Notas de um romancista burguês
Por Bráulio Tavares Em: 11/06/2010, às 06H34
Bráulio Tavares
(The Librarian, por Arcimboldo)
“Não queremos uma literatura que inclua galáxias, planetas, raças alienígenas e outros elementos fora de nossa jurisdição. Nosso mundo é centrípeto, uma espiral que converge para seu centro. Passamos três séculos erigindo um sistema que tem na sua periferia atarefada a Ciência, a Tecnologia, a Economia, a Política, ou seja, as atividades transformadoras da matéria e das relações humanas. O centro desse sistema é o objetivo final de sua criação: nossa vida cotidiana, nossa existência como pessoas, nossas casas, posses, famílias, relações interpessoais, triunfos e tragédias no âmbito doméstico e nos círculos de amizade e parentesco. É esta a matéria da nossa literatura.

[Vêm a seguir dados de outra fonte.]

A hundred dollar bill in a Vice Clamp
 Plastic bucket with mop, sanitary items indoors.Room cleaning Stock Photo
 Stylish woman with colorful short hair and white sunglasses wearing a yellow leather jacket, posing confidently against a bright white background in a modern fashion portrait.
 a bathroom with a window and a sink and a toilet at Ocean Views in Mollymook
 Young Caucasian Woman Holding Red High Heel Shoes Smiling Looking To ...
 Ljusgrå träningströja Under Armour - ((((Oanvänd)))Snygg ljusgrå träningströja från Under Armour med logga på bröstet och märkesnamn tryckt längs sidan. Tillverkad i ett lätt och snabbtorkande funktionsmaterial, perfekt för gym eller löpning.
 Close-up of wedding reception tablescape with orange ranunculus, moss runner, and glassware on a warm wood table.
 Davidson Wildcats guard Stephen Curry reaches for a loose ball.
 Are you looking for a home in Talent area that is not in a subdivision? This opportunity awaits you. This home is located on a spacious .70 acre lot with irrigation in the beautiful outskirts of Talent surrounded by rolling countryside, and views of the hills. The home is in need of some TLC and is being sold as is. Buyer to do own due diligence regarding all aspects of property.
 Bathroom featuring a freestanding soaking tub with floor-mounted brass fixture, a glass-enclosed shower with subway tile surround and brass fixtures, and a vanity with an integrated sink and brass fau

“Queremos uma vida compreendida, codificada, na qual as únicas variáveis sejam os sentimentos humanos, esses deuses caprichosos que nos deleitam e governam. Queremos uma literatura de arcabouço social fixo, com regras de mecânica newtoniana, para que em sua medula brotem o elemento lírico, as flutuações sentimentais, tudo que nos convence de que somos únicos, preciosos e insubstituíveis. O Universo como moldura para a História dos Nossos Sentimentos, a Saga das Nossas Famílias, a Crônica de Nossas Ascensões Sociais.
“Precisamos de um Universo meramente passivo, receptivo, que se mova e nos encante, pois que é espetáculo, mas com a previsibilidade de um protetor-de-tela. Não queremos um Universo que venha a nos invadir e nos incomodar; nem um Universo que solicite nossa intervenção, incite a nossa cupidez ou nos acene com a possibilidade de aventuras. Domar a terra já nos deu aventuras de sobra durante três séculos, e nada nos impede de passar mais três a recontá-las.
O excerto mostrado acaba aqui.